The notice requirements detailed in the new rules were created by the Health Information Technology for Economic and Clinical Health (HITECH) Act, enacted in February of this year as a part of the new stimulus law – the American Recovery and Reinvestment Act of 2009. It is important to note that the HITECH Act notice requirements do not displace the various state and other federal law requirements for notices of breaches of certain types of information. However, HHS indicates in the preamble to the regulations that entities covered by the Health Insurance Portability and Accountability Act (HIPAA) should be able to comply with the new notice requirements without running afoul of other state and federal notice requirements. The HHS regulations provide that a breach will occur if 4 requirements are met: - Information is “unsecure” under HIPAA. “Unsecured” is defined as information that has not been destroyed under an approved method or secured by a technology that renders the PHI unusable, unreadable, or indecipherable to unauthorized individuals and is developed or accredited by the American National Standards Institute. The new regulations clarify that electronic information that has been encrypted pursuant to the HIPAA security rules will be considered secure for these purposes.
- Information was used or disclosed in an “unauthorized” manner. HHS says this means that the information was used or disclosed in a manner that is not permitted under the HIPAA privacy rules and notes that this includes a violation of the minimum necessary rule.

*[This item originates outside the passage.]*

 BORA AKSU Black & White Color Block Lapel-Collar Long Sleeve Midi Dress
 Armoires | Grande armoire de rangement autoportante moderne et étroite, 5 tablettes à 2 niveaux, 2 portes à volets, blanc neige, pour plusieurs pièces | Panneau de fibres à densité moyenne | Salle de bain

- The use or disclosure poses a “significant risk of financial, reputational, or other harm to the individual.” HHS says covered entities must perform a risk assessment to determine if harm has occurred and review factors such as to whom the information was disclosed and what steps were taken upon discovery of the use or disclosure. HHS noted that information kept in a limited data set generally is not exempt from the breach rule, although disclosure of this information may not pose as great a risk under the “harm” requirement.
- The use or disclosure does not fall under an exception listed in the statute. The HITECH Act offered three exceptions, which the regulations explain further.

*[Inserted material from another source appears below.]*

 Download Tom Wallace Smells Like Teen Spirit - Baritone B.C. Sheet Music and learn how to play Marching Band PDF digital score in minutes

- Unintentional access by a covered entity’s or business associate’s employee.
- Inadvertent disclosure from one covered entity or business associate employee to another similarly situated employee.

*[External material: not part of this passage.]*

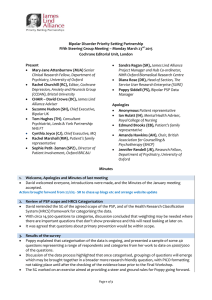 Bipolar Disorder Priority Setting Partnership 2015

- The recipient would not reasonably have been able to retain the information.
The new HHS regulations focus primarily on the different types of notice required in the event of a breach to which the rules apply. - Notices to Individuals: Under the HITECH Act, an employer health plan will have to notify each individual whose unsecured PHI was, or is believed to have been, improperly used or disclosed. These notices are required to be provided “without unreasonable delay” and “in no case later than 60 calendar days” after discovery. The preamble to the regulations clarifies that if an employer has the necessary information to notify individuals within 10 days of discovery of the breach, but does not notify individuals until 60 days after discovery of the breach, that employer would be in violation of the rules. “Discovery” is defined as actual knowledge of the breach by a member of the plan’s workforce or an agent of the plan, or deemed knowledge if the breach would have been discovered by exercising reasonable diligence.
These individual notices must be written in plain language and include basic information such as: (1) the date of the breach, if known; (2) a brief description of the breach and what the plan is doing to mitigate damages and protect against future breaches; and (3) steps affected participants should take to protect themselves. The notices may be sent by first-class mail to the individual’s last known address or by e-mail if the individual has agreed to receive electronic notices (and has not withdrawn that agreement). If there is insufficient or out-of-date contact information, substitute notice may be provided by an alternative form of written notice, or by phone or other means – if there are fewer than 10 affected individuals. If there are more than 10 affected individuals, substitute notice would be in the form of a notice posted for a specified period on the home page of a relevant website or notice in major print or broadcast media.
- Notices to Media: In addition to notifying affected individuals, if a breach affects more than 500 residents of one state or other smaller jurisdiction (such as a county, city or town), prominent media outlets serving that jurisdiction must be notified. This notice must be provided without unreasonable delay and in no case later than 60 calendar days after discovery of the breach. This notice must include the same basic information as the individual notice. HHS clarifies in the preamble to the regulations that it expects this notice would usually be done in the form of a press release.
- Notices to HHS: In addition to the required notices to individuals and any potential notices to media outlets, employer-sponsored health plans will have to notify HHS of any breaches of participant unsecured PHI. If a breach involves 500 or more individuals, a plan must notify HHS at the same time it notifies the individuals. The manner and content of this notice are expected to be specified on the HHS website. As required by the HITECH Act, HHS will post on its website a list of HIPAA-covered entities, including employer-sponsored health plans, that submit reports of breaches involving more than 500 individuals. If a breach involves fewer than 500 individuals, the plan will have to track these breaches and notify HHS of them no later than 60 days after the end of the relevant calendar year. Note that the HHS reporting requirements do not depend on where an affected participant resides.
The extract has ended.